Memorandum Opinion for Use in Preparing Proposed Findings of Fact, Conclusions of Law, and Judgment

Crary, District Judge:

The plaintiffs, partners in Louis Lesser Enterprises, Ltd., a partnership, hereafter referred to as "Lesser", seek refund of income taxes, plus interest, paid for the year 1956. The court here adopts the admitted facts as set forth in the amended Pre-Trial Order.

[Sales in Course of Business]

The principal issue is whether 20 + acres, sold in two parcels in October and November, 1954, were held by Century-Crenshaw Plaza, hereafter referred to as "Plaza", a joint venture, with "Lesser" as one of the partners, primarily for sale to customers in the ordinary course of trade or business.
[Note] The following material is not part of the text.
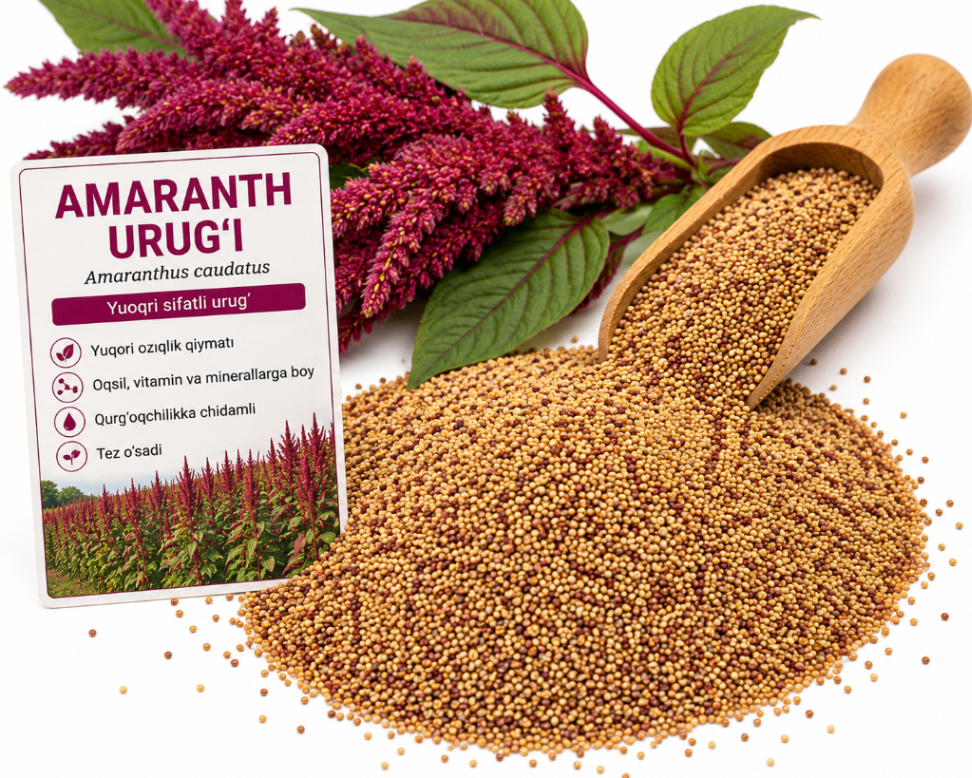 № 773 product image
One of the parcels (10 + acres) of the 20 acres involved fronted on Crenshaw Boulevard and the other (9 + acres) on Century Boulevard. The said two parcels were a part of 44.90 acres which were acquired in February, 1954, by "Plaza", of which "Lesser" was a partner. "Plaza" was organized in August, 1953, for the purpose of purchasing the said 44 + acres. It is the position of the plaintiffs that the purpose of acquisition was to develop the two frontage parcels for commercial use and the remaining 24 + acres as multiple residence property also to be held by "Plaza" for rental purposes. Efforts to have the two parcels zoned for commercial use and to develop the 24 acres as planned failed. The Planning Commission refused to rezone the two parcels, and the mortgage market was so weak, plaintiffs assert, that a loan could not be obtained to build apartments on the 24 acres from a practical business standpoint. The inside 24 + acres were distributed by "Plaza", in April, 1954, to its members as equal tenants in common. On May 26, 1954, the distributees transferred the property to a joint venture under the name of Century Crenshaw Properties Company, which consisted of "Lesser", Sidney Rogan, Herman Millman, Espada Properties, Inc., and Hicks Properties, Inc. Fenmore was a controlling stockholder of Espada and Hicks was the controlling stockholder of Hicks Properties. This group subdivided the 24 + acres and the resulting lots were sold during the period from two to nine months after acquisition. Gains from the sale of lots were reported as ordinary income. It appears from the testimony of plaintiff William Malat that if the zoning of the two front parcels for commercial use could not be obtained that "Plaza" intended to build apartments on them for rental but was prevented by the "rough" mortgage market.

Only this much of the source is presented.